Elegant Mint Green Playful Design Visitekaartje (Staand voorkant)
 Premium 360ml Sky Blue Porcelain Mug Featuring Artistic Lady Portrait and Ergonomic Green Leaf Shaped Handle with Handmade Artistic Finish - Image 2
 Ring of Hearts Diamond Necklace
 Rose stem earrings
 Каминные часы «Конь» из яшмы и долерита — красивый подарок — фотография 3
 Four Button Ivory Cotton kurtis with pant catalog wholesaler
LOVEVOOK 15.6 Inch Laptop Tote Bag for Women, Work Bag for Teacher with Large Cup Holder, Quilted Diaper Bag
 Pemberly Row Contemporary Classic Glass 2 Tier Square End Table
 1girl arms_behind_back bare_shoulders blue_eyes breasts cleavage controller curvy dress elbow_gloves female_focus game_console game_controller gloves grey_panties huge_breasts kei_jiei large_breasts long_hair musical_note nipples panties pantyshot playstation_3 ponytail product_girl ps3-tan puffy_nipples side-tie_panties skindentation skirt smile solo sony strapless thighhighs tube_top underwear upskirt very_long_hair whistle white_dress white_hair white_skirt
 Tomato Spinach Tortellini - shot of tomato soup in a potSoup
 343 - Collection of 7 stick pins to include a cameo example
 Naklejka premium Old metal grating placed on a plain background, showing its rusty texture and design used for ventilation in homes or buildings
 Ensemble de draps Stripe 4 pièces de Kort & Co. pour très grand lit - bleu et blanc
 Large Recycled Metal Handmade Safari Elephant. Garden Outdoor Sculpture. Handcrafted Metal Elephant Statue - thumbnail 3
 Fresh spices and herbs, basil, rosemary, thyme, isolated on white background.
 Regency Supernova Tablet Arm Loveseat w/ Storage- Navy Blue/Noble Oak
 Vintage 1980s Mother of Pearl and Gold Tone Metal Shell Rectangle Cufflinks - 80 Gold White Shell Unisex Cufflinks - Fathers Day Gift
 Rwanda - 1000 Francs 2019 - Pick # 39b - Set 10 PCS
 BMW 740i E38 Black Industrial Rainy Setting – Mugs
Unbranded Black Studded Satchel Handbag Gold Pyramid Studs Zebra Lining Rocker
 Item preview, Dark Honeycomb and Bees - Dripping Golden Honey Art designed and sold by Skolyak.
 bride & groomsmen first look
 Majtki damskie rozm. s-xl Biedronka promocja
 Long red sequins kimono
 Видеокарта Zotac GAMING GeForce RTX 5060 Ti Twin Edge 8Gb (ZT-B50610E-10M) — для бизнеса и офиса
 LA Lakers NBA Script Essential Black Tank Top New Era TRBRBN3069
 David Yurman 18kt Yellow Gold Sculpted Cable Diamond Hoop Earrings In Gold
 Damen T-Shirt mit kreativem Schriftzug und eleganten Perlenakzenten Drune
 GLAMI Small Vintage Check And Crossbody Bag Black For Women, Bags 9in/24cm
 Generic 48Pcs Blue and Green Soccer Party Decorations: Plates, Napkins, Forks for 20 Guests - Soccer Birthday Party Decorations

*EXERCISE:* Could you please retype the lines from the start of the data through the line with "BMW 740i E38", both included, and nothing else?

*ANSWER:*
Elegant Mint Green Playful Design Visitekaartje (Staand voorkant)
 Premium 360ml Sky Blue Porcelain Mug Featuring Artistic Lady Portrait and Ergonomic Green Leaf Shaped Handle with Handmade Artistic Finish - Image 2
 Ring of Hearts Diamond Necklace
 Rose stem earrings
 Каминные часы «Конь» из яшмы и долерита — красивый подарок — фотография 3
 Four Button Ivory Cotton kurtis with pant catalog wholesaler
LOVEVOOK 15.6 Inch Laptop Tote Bag for Women, Work Bag for Teacher with Large Cup Holder, Quilted Diaper Bag
 Pemberly Row Contemporary Classic Glass 2 Tier Square End Table
 1girl arms_behind_back bare_shoulders blue_eyes breasts cleavage controller curvy dress elbow_gloves female_focus game_console game_controller gloves grey_panties huge_breasts kei_jiei large_breasts long_hair musical_note nipples panties pantyshot playstation_3 ponytail product_girl ps3-tan puffy_nipples side-tie_panties skindentation skirt smile solo sony strapless thighhighs tube_top underwear upskirt very_long_hair whistle white_dress white_hair white_skirt
 Tomato Spinach Tortellini - shot of tomato soup in a potSoup
 343 - Collection of 7 stick pins to include a cameo example
 Naklejka premium Old metal grating placed on a plain background, showing its rusty texture and design used for ventilation in homes or buildings
 Ensemble de draps Stripe 4 pièces de Kort & Co. pour très grand lit - bleu et blanc
 Large Recycled Metal Handmade Safari Elephant. Garden Outdoor Sculpture. Handcrafted Metal Elephant Statue - thumbnail 3
 Fresh spices and herbs, basil, rosemary, thyme, isolated on white background.
 Regency Supernova Tablet Arm Loveseat w/ Storage- Navy Blue/Noble Oak
 Vintage 1980s Mother of Pearl and Gold Tone Metal Shell Rectangle Cufflinks - 80 Gold White Shell Unisex Cufflinks - Fathers Day Gift
 Rwanda - 1000 Francs 2019 - Pick # 39b - Set 10 PCS
 BMW 740i E38 Black Industrial Rainy Setting – Mugs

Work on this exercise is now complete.